Texte intégral
Mesdames, Messieurs,
J'ai déjà eu l'occasion de vous dire hier ce qui constituait à mes yeux le grand mérite du FIPA : en apportant chaque année la preuve de la vitalité et de la diversité de la création audiovisuelle – en France et dans le monde – ce festival nous ramène à une salutaire évidence : la télévision, ce sont d'abord des programmes, ce sont d'abord des œuvres.
Le titre que vous avez voulu donner à ce colloque – « Nouvelles créations – nouvelle télévision » – témoigne de la même conviction. Il est bon de rappeler que si l'innovation audiovisuelle doit, en règle générale, être reliée aux progrès de la technologie et aux transformations des habitudes de consommation, la « nouvelle télévision » ne saurait véritablement advenir qu'au prix d'un renouvellement des formes de la création.

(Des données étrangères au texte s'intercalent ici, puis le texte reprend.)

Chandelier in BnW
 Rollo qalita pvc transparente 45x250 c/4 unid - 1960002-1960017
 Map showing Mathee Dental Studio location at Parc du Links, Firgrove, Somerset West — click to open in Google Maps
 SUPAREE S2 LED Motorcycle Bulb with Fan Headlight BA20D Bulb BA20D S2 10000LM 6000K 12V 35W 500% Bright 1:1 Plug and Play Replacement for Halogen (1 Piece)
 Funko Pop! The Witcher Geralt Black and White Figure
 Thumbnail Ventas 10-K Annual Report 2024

C'est ce besoin de formes, d'images, et d'idées nouvelles qui en dernier ressort, donne son sens à l'ensemble des activités du secteur audiovisuel. Comme l'écrivaient déjà les théoriciens de Bauhaus dans le contexte de la seconde révolution industrielle : « les intérêts de l'artiste, du savant, et du marchand sont solidaires ; mais seul l'artiste peut insuffler de l'âme au produit mort de la machine. »
Encore faut-il, dans ce domaine où les impératifs de la création, de la technologie, et du marché, sont imbriqués de manière particulièrement étroite, que soient réunies les conditions générales de ce renouvellement :
– que les artistes puissent vivre en créant ces nouveaux programmes ;
– que les producteurs puissent vivre en les fabriquant ;
– que les chaînes de télévision puissent vivre en les diffusant.

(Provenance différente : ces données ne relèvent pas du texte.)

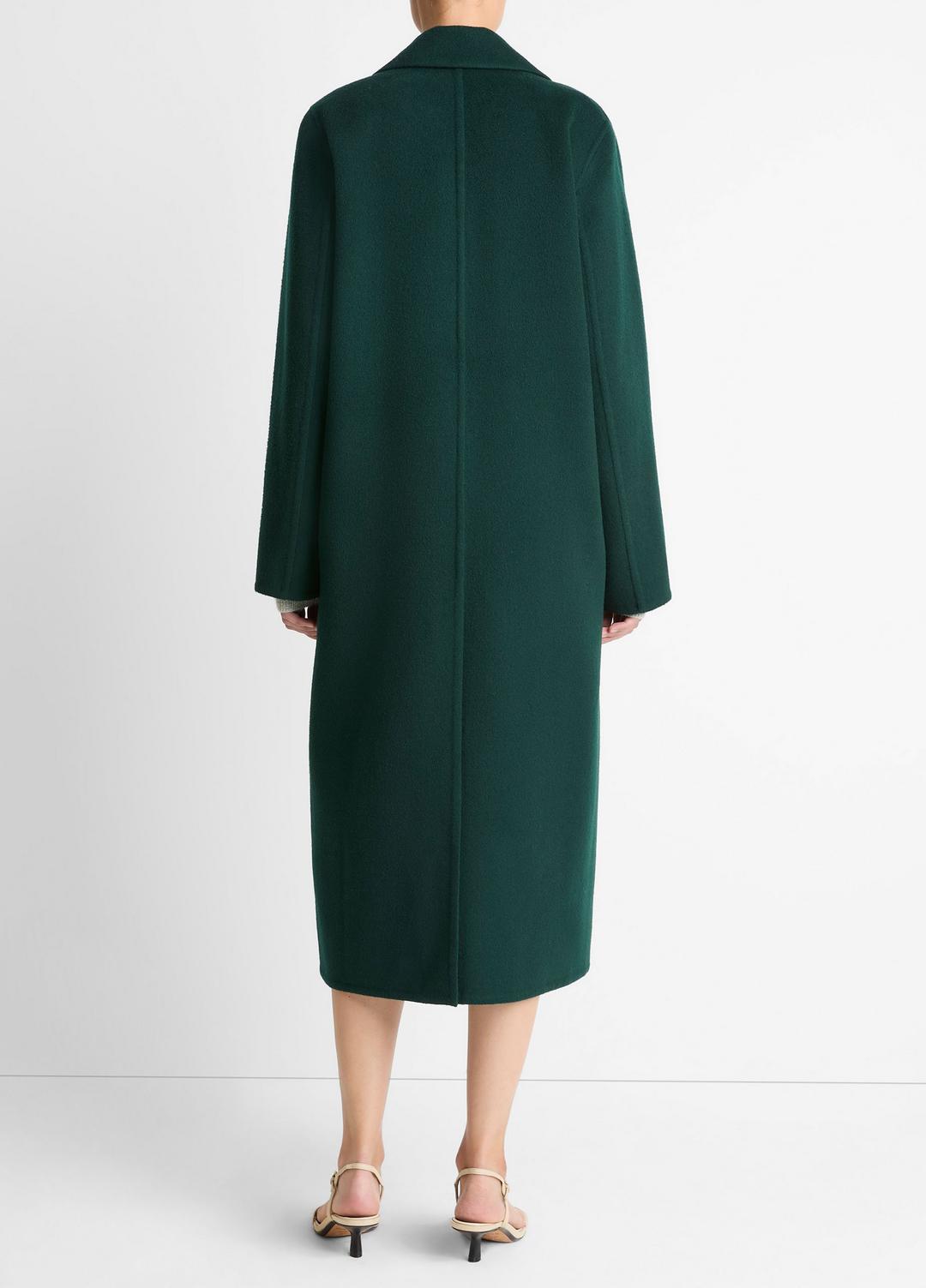 Wool-Blend Single-Breasted Coat in Coats - JUNIPER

L'actualité confère à cette question un caractère particulièrement brûlant.
C'est pourquoi je souhaite profiter de l'occasion qui m'est donnée ici pour vous dire comment j'apprécie aujourd'hui l'état de la production et de la création audiovisuelle, et pour vous exposer les grandes lignes de la politique qui me paraît souhaitable.
1. La production audiovisuelle en péril ?
Voici plus de cinq ans que l'économie et les règles du jeu audiovisuel ont globalement changé, avec l'apparition de nouvelles chaînes commerciales, le développement de la production indépendante, la création du compte de soutien aux industries de programmes. Quel bilan peut-on en tracer ?
A. – Un bilan contrasté : la rançon du succès
En termes quantitatifs, la demande de programmes s'est trouvée mécaniquement accrue du fait de l'apparition de nouvelles chaînes, et de l'augmentation du temps de diffusion. La réglementation adoptée dans cette perspective, en imposant aux chaînes des quotas de production et de diffusion, a permis que cette croissance du volume des œuvres diffusées n'ait pas pour seule conséquence l'augmentation des achats de droits à l'étranger (contre-exemple des trois chaînes de Berlusconi en Italie).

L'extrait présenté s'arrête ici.